The reason why I'm trying to include and declare one of the widgets is displaying values on the screen (there is no equivalent of opencv putText, is there?.
I would be very grateful for any help. :)
Cheers,
Teresa
1. How to get shape_predictor_194_face_landmarks.dat ? any links to download directly ?
2. Also do we need to edit any field in dlib face landmark project to inform whether the dat is for 68 landmarks or for 194?
I see the procedure to generate the dat file using helan images gets stuck with non availability of xmls requested by dlib project (train_shape_predictor_ex).
>> http://stackoverflow.com/questions/36711905/dlib-train-shape-predictor-ex-cpp?answertab=votes#tab-top has some puzzled answer.
Regards
Gopi. J
I don't have a model file for that dataset, so you will need to train your own. You don't need to edit any dlib code. The example programs and documentation give full details of how to use dlib.
Trained the 194 points successfully :)
Posted the details here http://stackoverflow.com/questions/36711905/dlib-train-shape-predictor-ex-cpp
Sweet :)
Hi Davis,
I tried to train a model of 68 landmarks with iBUG-300W dataset as you did. However there are only 535 images can detected correctly and I used the train_shape_predictor_ex with default parameters. However the mean_test_error is 0.07 and yours is 0.04 on the same test dataset. Can you provide some details of training process?
Thank you.
Bin
I'm not sure what you mean by only 535 images detected correctly. The detector in dlib is more accurate than that. Maybe you are using the wrong dataset. The dataset I used is available here: http://dlib.net/files/data/ibug_300W_large_face_landmark_dataset.tar.gz
Hi Davis
I tested your landmark detection on my 64-bit desktop and set
trainer.set_oversampling_amount(300);
trainer.set_nu(0.05);
trainer.set_tree_depth(10);
But I got the "sp.dat" is 3.8 GB, what data I used is "http://dlib.net/files/data/ibug_300W_large_face_landmark_dataset.tar.gz" .

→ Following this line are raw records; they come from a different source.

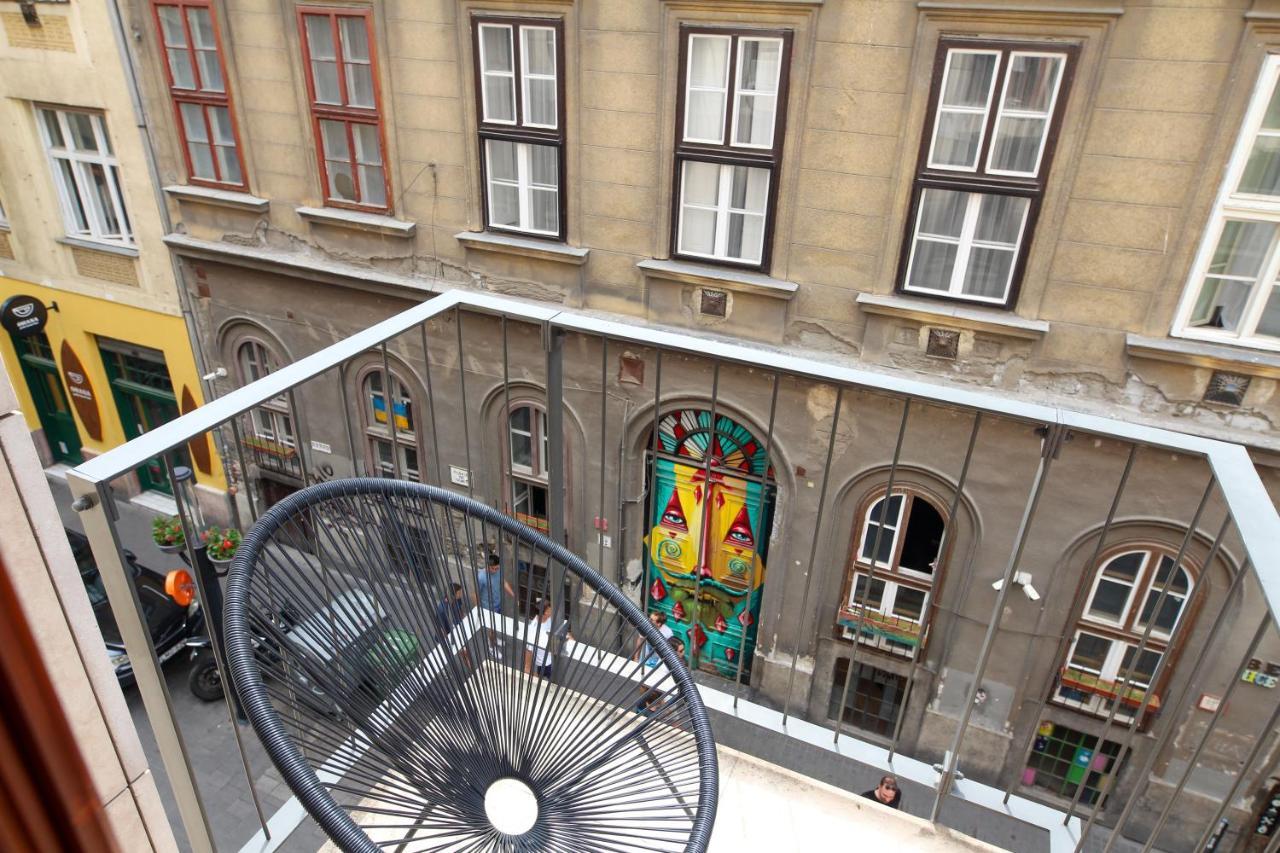 Artemisia Luxury Balcony Appartement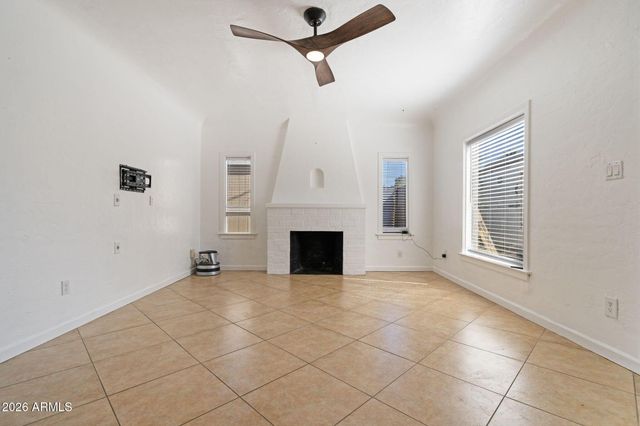 930 E Whitton Avenue, Phoenix, AZ 85014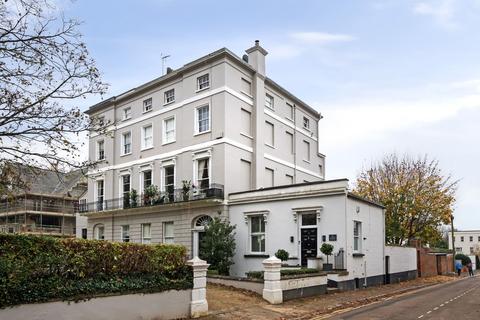 2 bedroom apartment for sale, London Road, Cheltenham GL52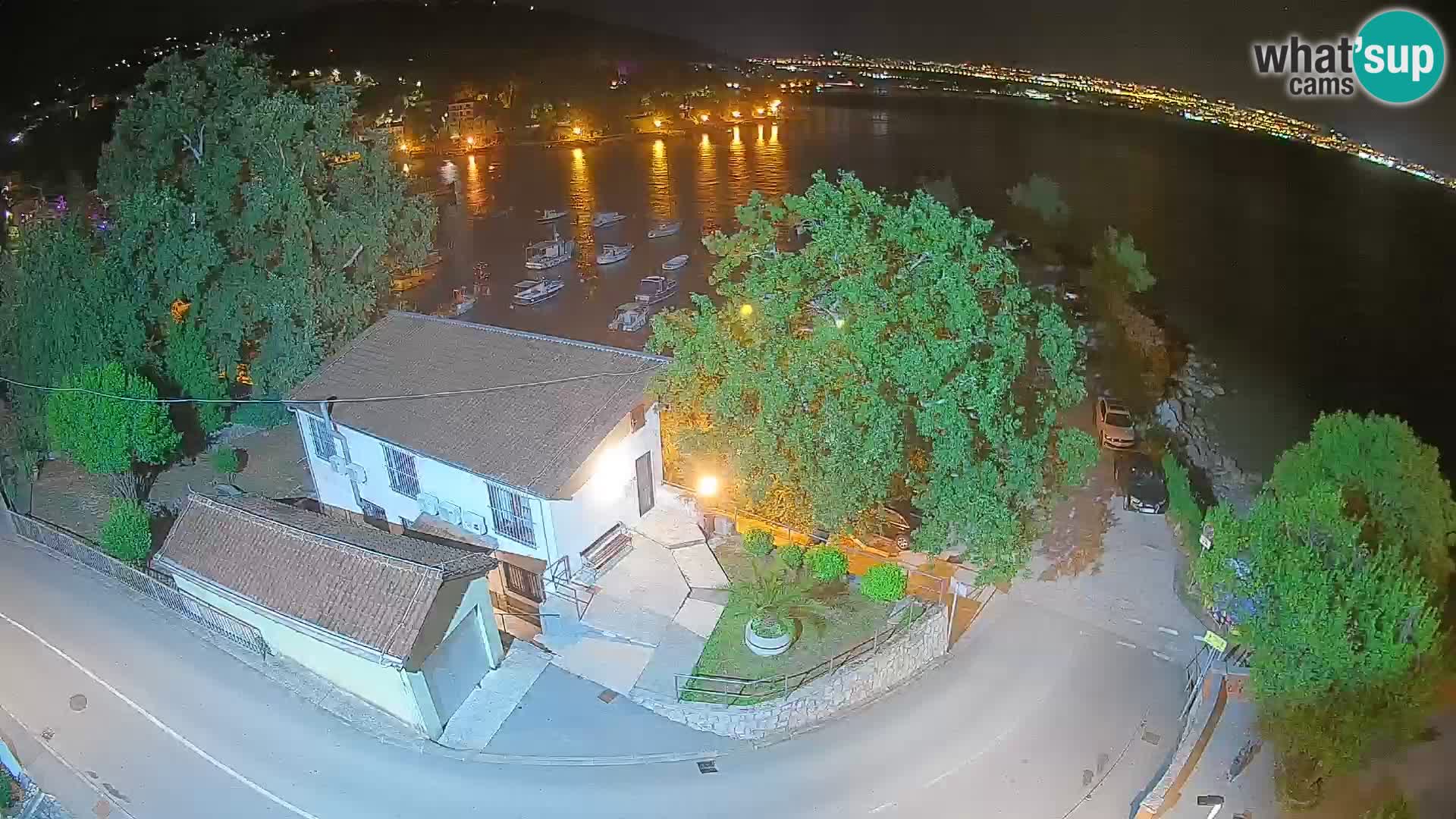 Ika Harbor Webcam – LIVE View of the Harbor and Opatija Lights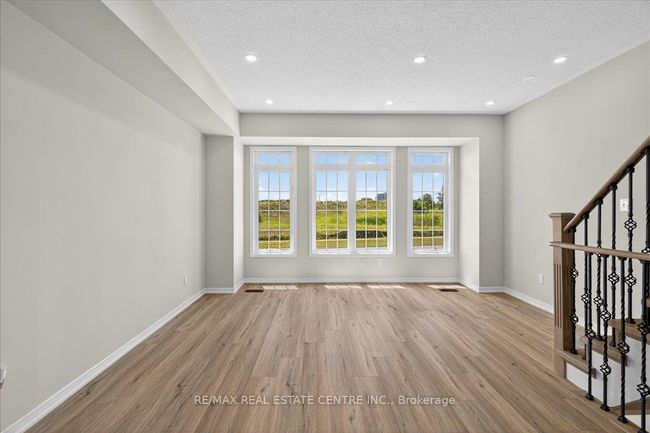 1373 Salem Rd N, House attached with 4 bedrooms, 3 bathrooms and 1 parking in Ajax ON | Image 13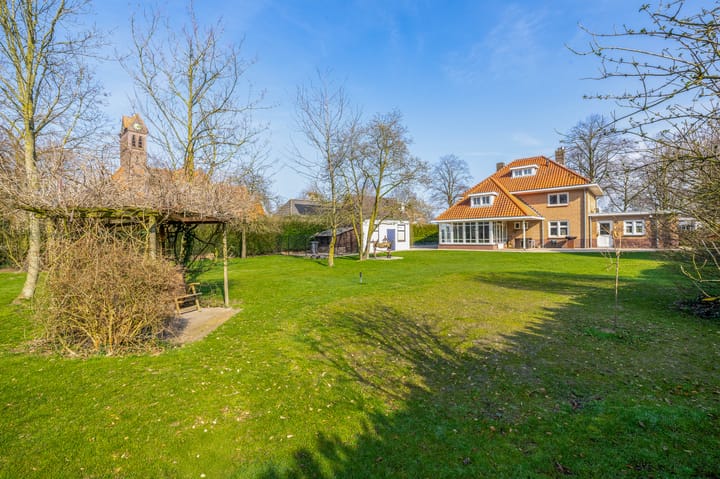 Photo 4 of Peeleik 8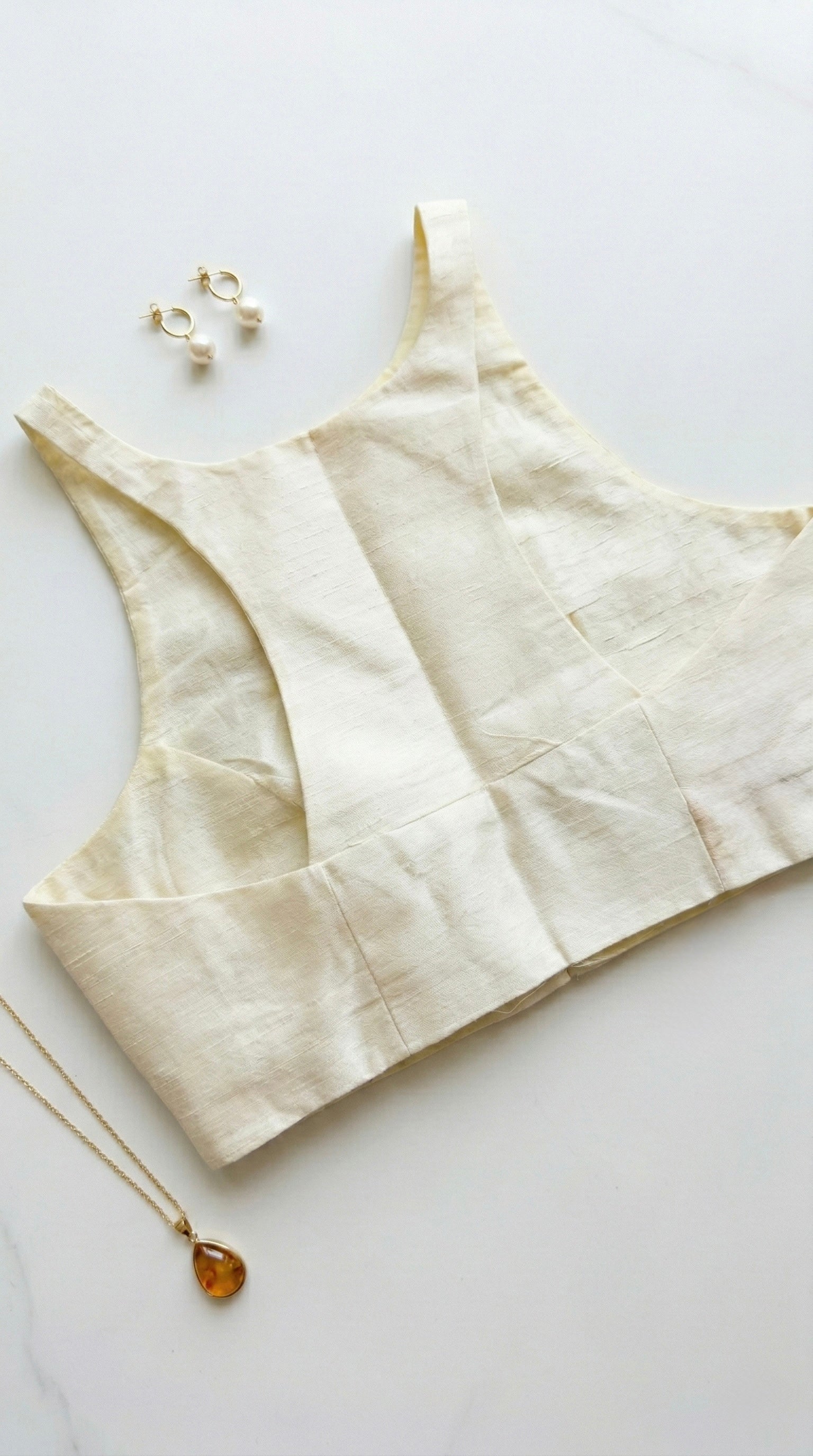 Razor cut solid blouse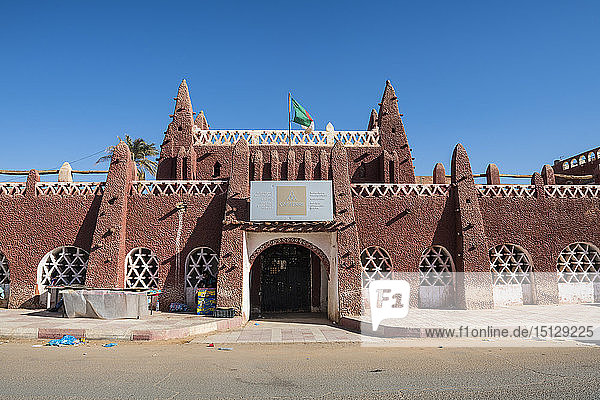 Rote Architektur im Zentrum von Timimoun  Westalgerien  Nordafrika  Afrika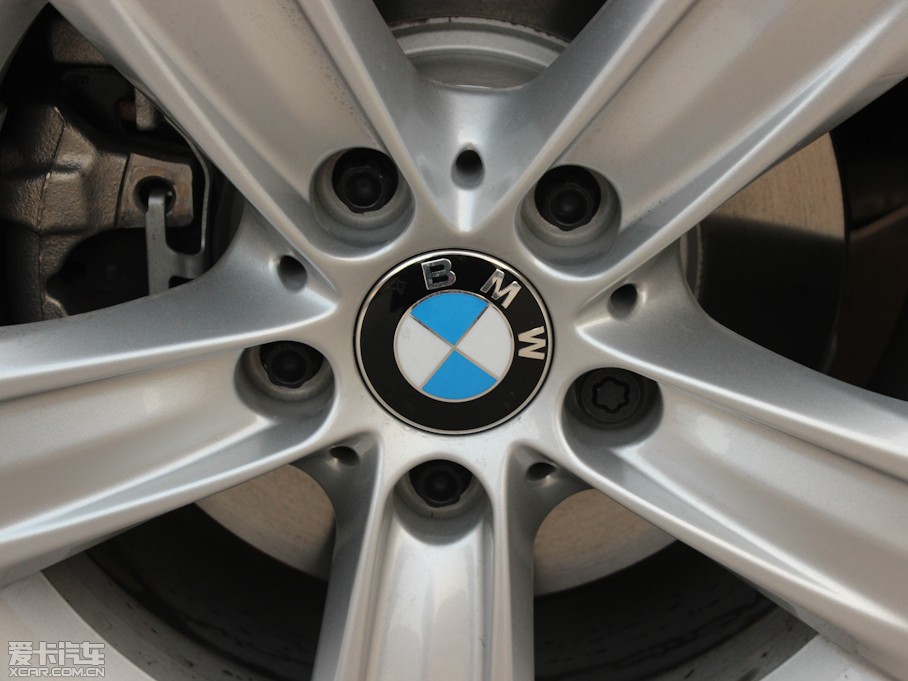 2013R3ϵT 320i rа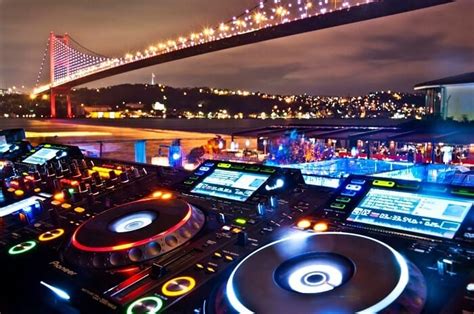 Istanbul Nightlife, Turkey | Istanbul Travel Guide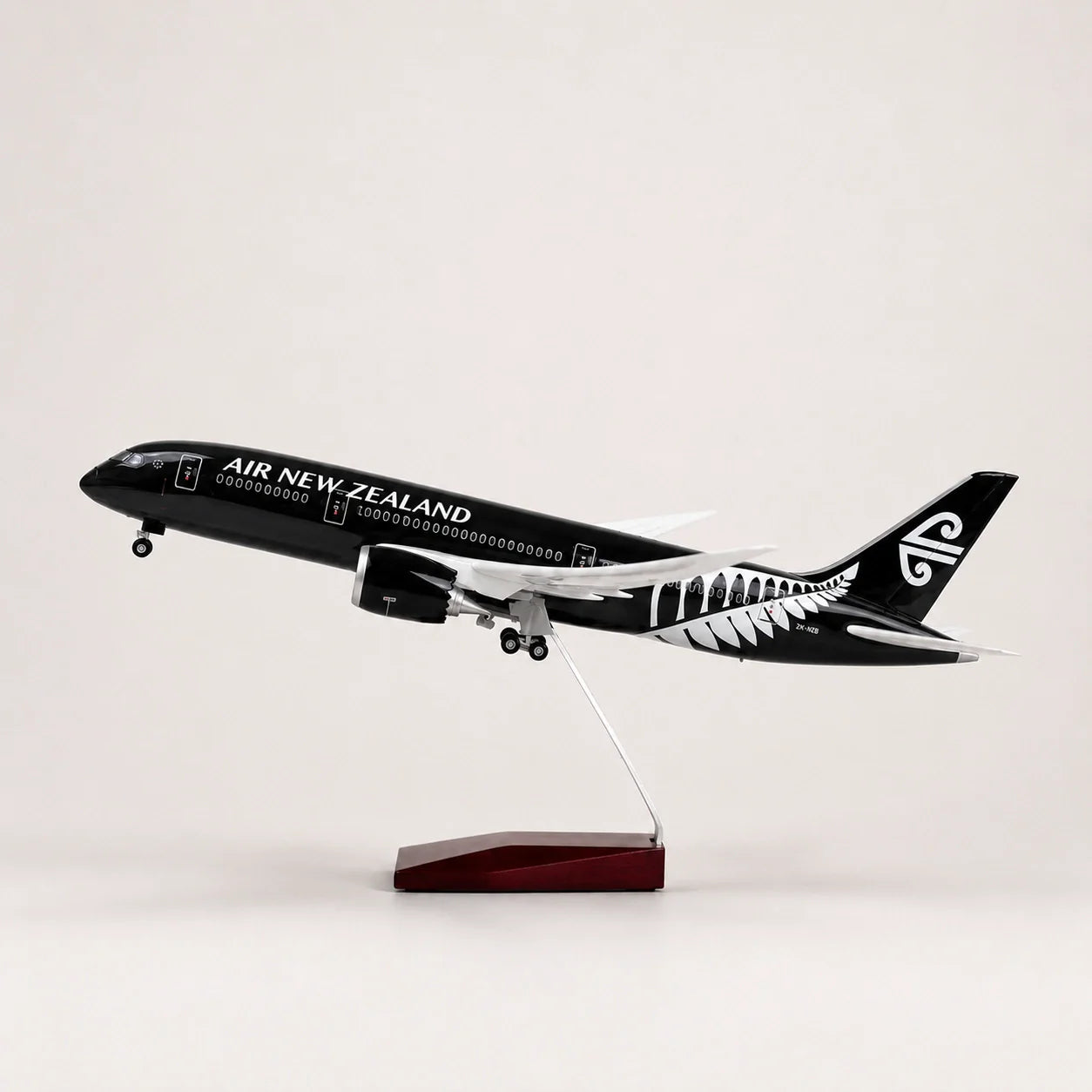 Air New Zealand Boeing 787 1:130 Scale Model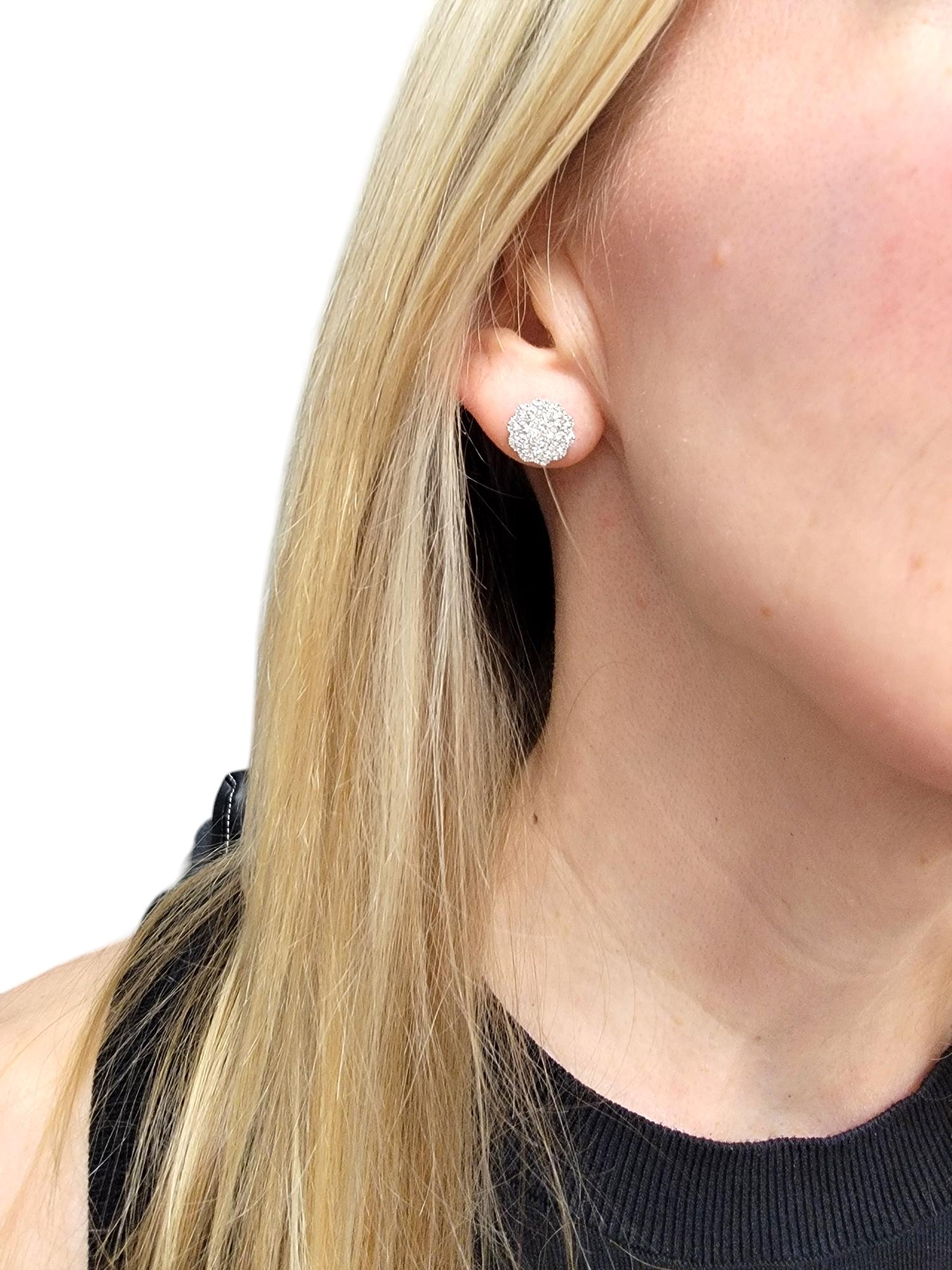 Natalie K por M.K. Pendientes de oro blanco de 14 quilates con motivo de flor de diamantes en venta 2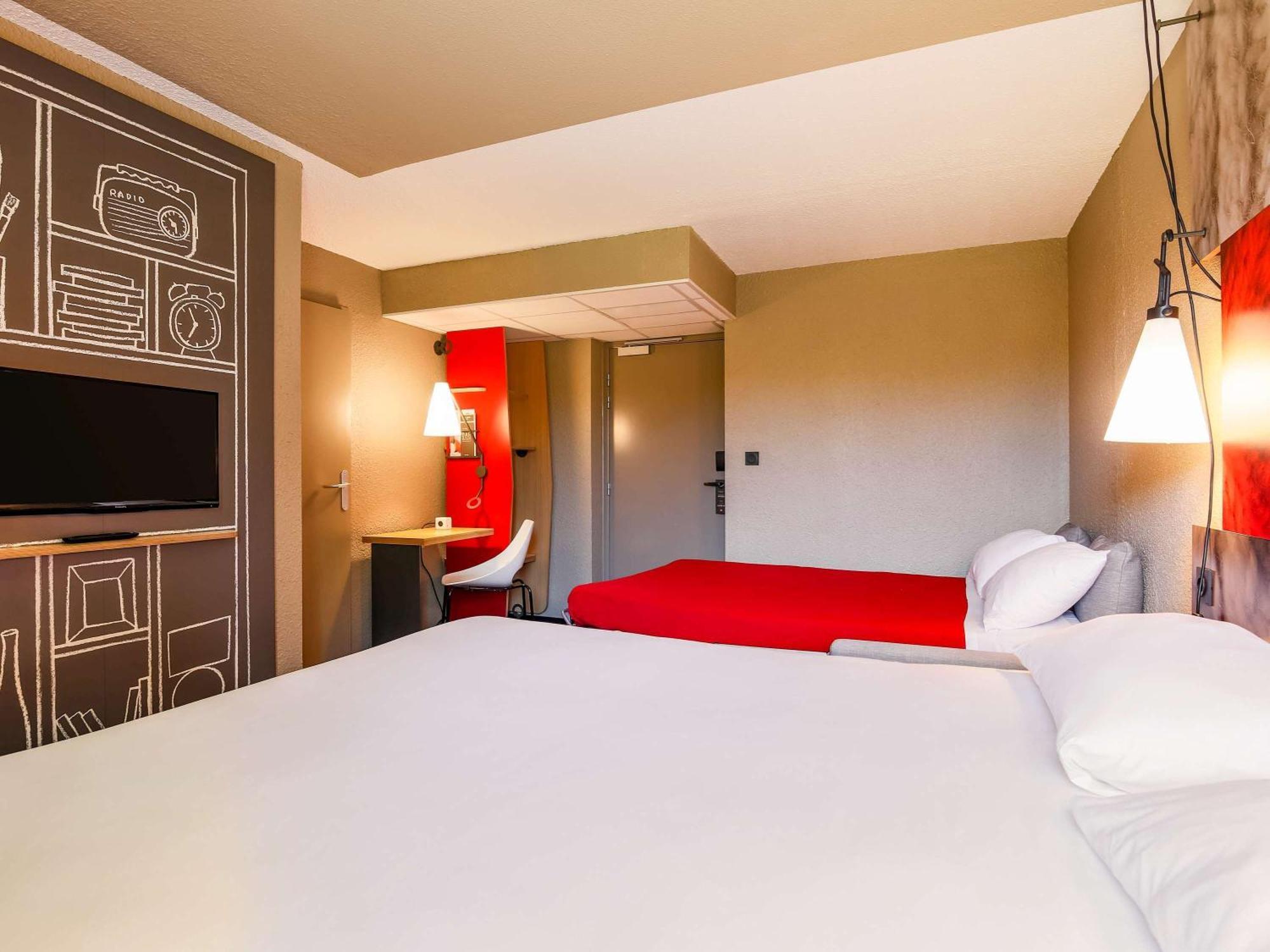 Hotel ibis Carcassonne Est la Cité Esterno foto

Could you tell me why the "sp.dat" is so big and hope you can understand my pool english.
It's because you set the tree depth to 10.
Hi,
when you trained model, these are you set?
trainer.set_oversampling_amount(300);
trainer.set_nu(0.05);
trainer.set_tree_depth(2);
Thank you very much.
No, if I recall correctly, I used the default settings except the cascade depth was set to 15.
Hi
when I trained model, I set
trainer.set_oversampling_amount(300);
trainer.set_nu(0.05);
trainer.set_tree_depth(15);
but I got a "sp.dat" big as 8.7GB,it is driving me mad.
hope you can tell me that's why.
thank you.
Hi Davis,
When I used train_shape_predictor example, I printed the landmarks read from the original test xml file by load_image_dataset function one by one and found that the orders of some landmarks are not the same as what written in the xml file. So I read your code and found nothing about this phenomenon. Do you have some hints about this?
Thank you.
This is discussed in the documentation: http://dlib.net/dlib/data_io/load_image_dataset_abstract.h.html#load_image_dataset
Note that it says: "parts_list is in lexicographic sorted order."
Thanks for your reply.
However I just put in three parameters in the function as the example did. And I printed both the landmarks' value and index in the test data set. Some points for example, some landmarks on the face edge, appeared after the eyes which I believed should be the first 41 points in the XML file(I used 194 points to train). I couldn't see any orders on these points. And that gave me a huge trouble on testing the accuracy of the model because of the wrong index of eyes' landmarks.
https://en.wikipedia.org/wiki/Lexicographical_order
Mobile version (Android)
Demo video : https://www.youtube.com/watch?v=TbX3t7QNhvs&feature=autoshare
Source : https://github.com/tzutalin/dlib-android-app
Hi Davis,
I've found the reason and solved the problem. It was because the part name in my xml file was, for example "1", rather than "001".
Anyway thank you.
I am not sure that you mean real time. I build and executed 'webcam head pose', it's really really slow :(
Davis,
I am trying to build an app which does realtime make up to a webcam detected face. Like, https://www.youtube.com/watch?v=C6hI65ZMSxM. I am trying to extract different facial features. Which code should I start changing and what changes should I make.
Thanks.
Davis,
I've been trying to train a model using your example program and dataset with your 68 point markup but I have trimmed 60 of the 68 points and kept the remaining 8 that I need. Unfortunately, once training completes I receive -nan for testing and training error. The model that is saved is invalid as well (as I would expect from the -nans) I've tried training with the original unedited 68 point xml files and training completes successfully with valid error and a valid model.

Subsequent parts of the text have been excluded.